Just as I predicted, Sweet Eater doesn’t budge an inch. My smile falters, and I raise an eyebrow. Move, lady. She narrows her eyes as if I said that out loud and rocks back a teeny-tiny step.

“Please, if you would move back a little more?” I get a scowl for my trouble, but she moves. “Thank you so much.”

I love my job. I love my job.

I liberally spray, unroll the blue paper, and using a plastic bag again as a hand protector, mop up the eel juice and put the soggy tissues alongside the damaged packet.
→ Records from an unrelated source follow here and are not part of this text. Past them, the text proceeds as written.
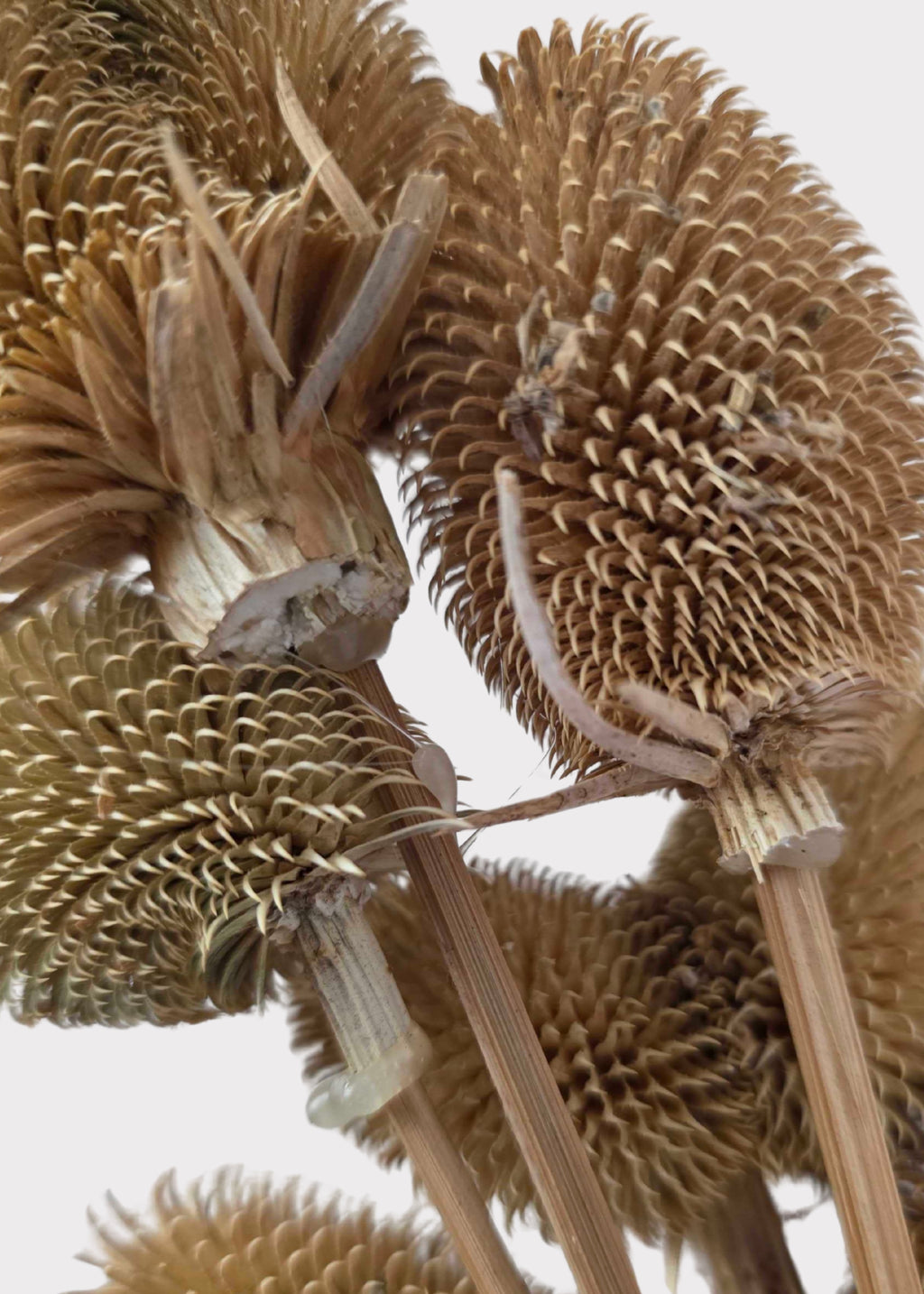 Close-up of Dried Teasel 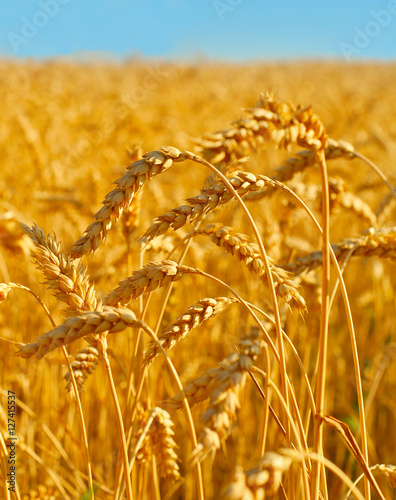 Wheat field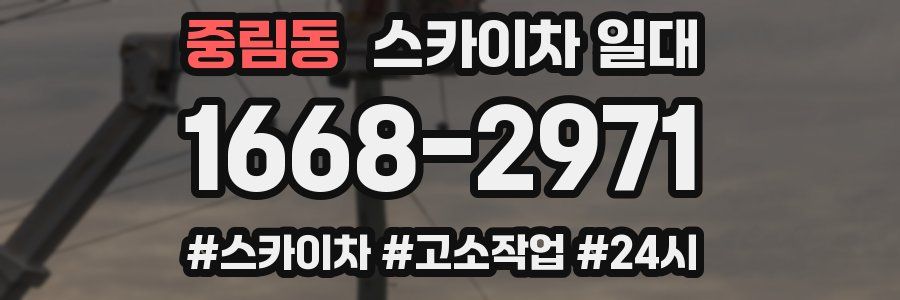 중림동 스카이차 일대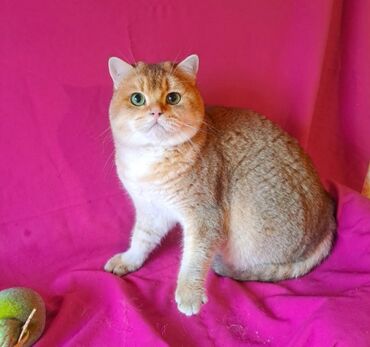 британская короткошерстная британская короткошерстная кошка: Вязка! Британский кот, привозной, документы системы WCF, золотая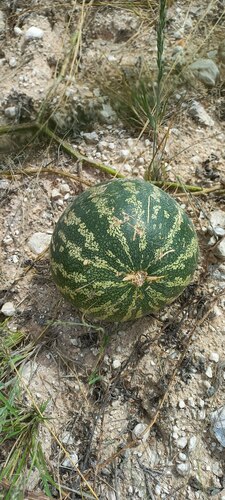 Fodder Melon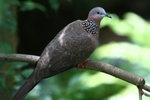 IMG_0974a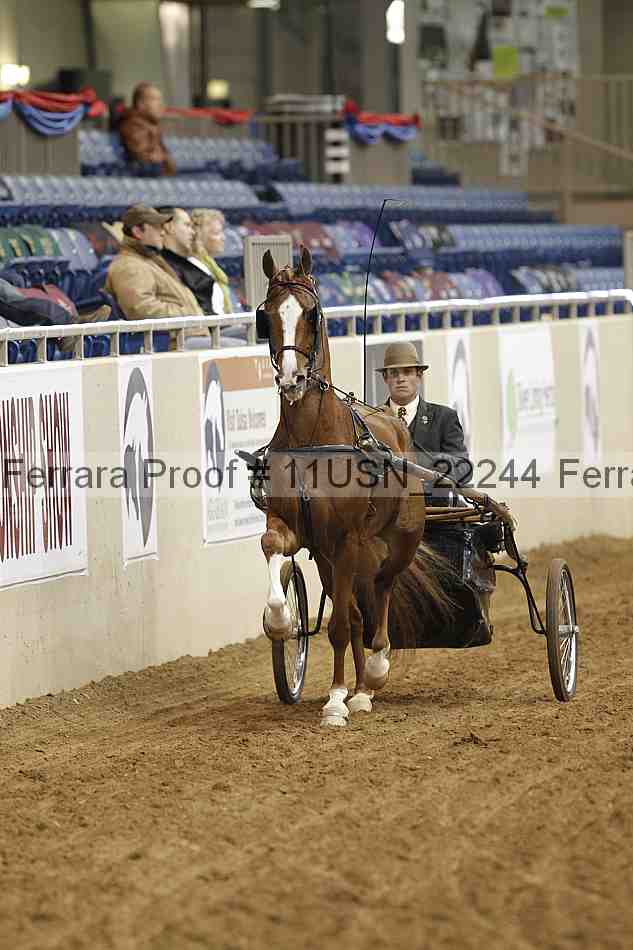 Proof 11usn_22244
Spray and wipe, spray and wipe. I wrinkle my nose.

I hope they don’t put me on this till tomorrow as I’m sure some fishy liquid has leaked inside, and it will be ripe.

The guy behind watches mournfully at the tills going faster around us and then mumbles he always chooses the wrong lane.

Me too, buddy, me too.

I turn and press the light and bell again. Then go back to scanning.

“What are you doing?” Sweet Eater snarls.

Huh? “I’ll scan the damaged eel and complete the transaction while we wait for the replacement.”

Mr Three Items Guy perks up.

“You will not.” She prods at my face with her finger. “I won’t get pulled by security because of your incompetence in not scanning the correct item.”

I blink at the finger millimetres off my nose. “But I will be scanning it.”

“It won’t be the one I’m taking home!” She slams her hand down. “If you scan the damaged one, mine won’t show on the system.”

I lean back and tuck a strand of hair behind my ear. How do I put this? “Erm, it doesn’t work that way. The till system doesn’t recognise them as individual products as they all have the same barcode.”

She growls at me. The hard sweet in her mouth rattles against her teeth, and a bit of red spit works its way out from between her lips and drips down her chin. Her face goes bright red as she draws in a big breath.

Uh-oh.

“I will wait for my packet of jellied eels!” Now that she has everyone’s attention, she sniffs, folds her arms underneath her breasts, taps her foot, and gives me a look of death. “The youth of today—you, girl—need better training or perhaps a few nights in a cell.”

Nice one. My shoulders hit my ears, and it takes all the crappy customer service training I’ve been inflicted with over the years not to get mad or cry.

The guy behind whines.

I want to whine with him.

The tills time us. If we don’t process each customer in a set amount of time, it lowers our average rating.

Then we get extra training, and management doesn’t say it, but for weeks, even after your average time comes up, you get the shitty shifts like this one—Friday night of a full moon when all the weirdos like to shop.

As if on cue, a customer in the produce aisle starts making monkey sounds and throws bananas at other customers. You honestly can’t make this stuff up. This place is wild. And not in a good way.

I wonder what that gargoyle is doing.